The mission I’m associated with mostly now, the Mars Odyssey mission, was one where we finally got to send the gamma ray spectrometer back to Mars that didn’t make it because the first one [Mars Observer] blew up. In this case, they actually said that if I thought I could build a better instrument than Martin-Marietta—which was now called Lockheed-Martin—then I could go ahead and build my own design. In fact we came up with what turned out to be a much better design, and we built it ourselves, right here across the hall in this lab in Tucson.

It was a pretty elaborate project but we got a darn good instrument out of it, and made some interesting discoveries. We discovered vast quantities of ice buried just beneath the surface that nobody knew was there. Some people suspected there might be a small amount of ice just filling the pore space between the sand grains, but what we found was that it was mostly ice with just a little bit of dirt mixed in with it, rather than the other way around. That really changed people’s thinking about Mars.

We also found some interesting things going on with the atmosphere. One of the people working with me, Ann Sprague, was looking at the argon data. Argon is a rare gas that’s in the atmosphere but it doesn’t condense out at low temperatures, whereas the carbon dioxide that’s in the atmosphere does condense out at low temperatures, and that’s what makes the seasonal frost that happens in the wintertime there.

What she found is that the argon was being enriched over the poles in the wintertime, because a significant fraction of the atmosphere would move toward the winter pole, and the CO2 would condense out, and more atmosphere would come to replace it, and every time more atmosphere comes to replace it, it brings with it more argon. But the argon doesn’t condense out so we were just building up a concentration of that argon.

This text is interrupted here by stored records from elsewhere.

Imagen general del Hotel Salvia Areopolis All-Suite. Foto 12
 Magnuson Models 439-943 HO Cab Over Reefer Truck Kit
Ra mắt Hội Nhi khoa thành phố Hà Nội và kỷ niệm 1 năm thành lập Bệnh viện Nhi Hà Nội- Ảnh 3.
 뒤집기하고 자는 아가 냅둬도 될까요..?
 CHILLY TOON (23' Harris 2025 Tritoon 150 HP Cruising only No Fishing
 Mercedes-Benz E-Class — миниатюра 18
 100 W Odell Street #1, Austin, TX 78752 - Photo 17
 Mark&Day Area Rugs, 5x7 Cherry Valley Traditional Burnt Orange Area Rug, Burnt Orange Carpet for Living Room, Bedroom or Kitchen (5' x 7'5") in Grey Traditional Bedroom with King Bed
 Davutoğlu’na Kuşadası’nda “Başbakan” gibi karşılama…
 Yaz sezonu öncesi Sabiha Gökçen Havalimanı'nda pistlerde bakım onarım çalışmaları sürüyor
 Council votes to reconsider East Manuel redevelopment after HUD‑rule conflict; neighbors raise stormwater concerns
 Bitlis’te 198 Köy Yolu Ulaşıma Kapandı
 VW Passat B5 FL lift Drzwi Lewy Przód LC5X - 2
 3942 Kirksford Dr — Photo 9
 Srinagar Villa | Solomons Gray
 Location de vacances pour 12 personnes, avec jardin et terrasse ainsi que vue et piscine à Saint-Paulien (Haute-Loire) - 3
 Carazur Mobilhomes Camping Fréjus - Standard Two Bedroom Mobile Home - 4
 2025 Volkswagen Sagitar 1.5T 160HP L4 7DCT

I looked into the data to see that, indeed, it looked like that was happening, but Ann, who’s got more background in studying atmospheres, looked at the data and she’s been processing it and found out that it’s really telling us interesting things about the motion of the atmosphere on Mars.

Originally when the instrument was proposed, it was thought it was going to be mostly a geochemical instrument mapping the elements over most of the planet. But it turned out I think probably the discovery of the ice and looking at what goes on with the argon in the atmosphere—it’s been surprising that the instruments turned out to be probably as valuable or maybe even more so in ways that we didn’t even contemplate or proposed. I think the fact that we discovered ice in the polar regions probably helped NASA decide that we really need to go with the Phoenix mission, which is going to go to this polar area.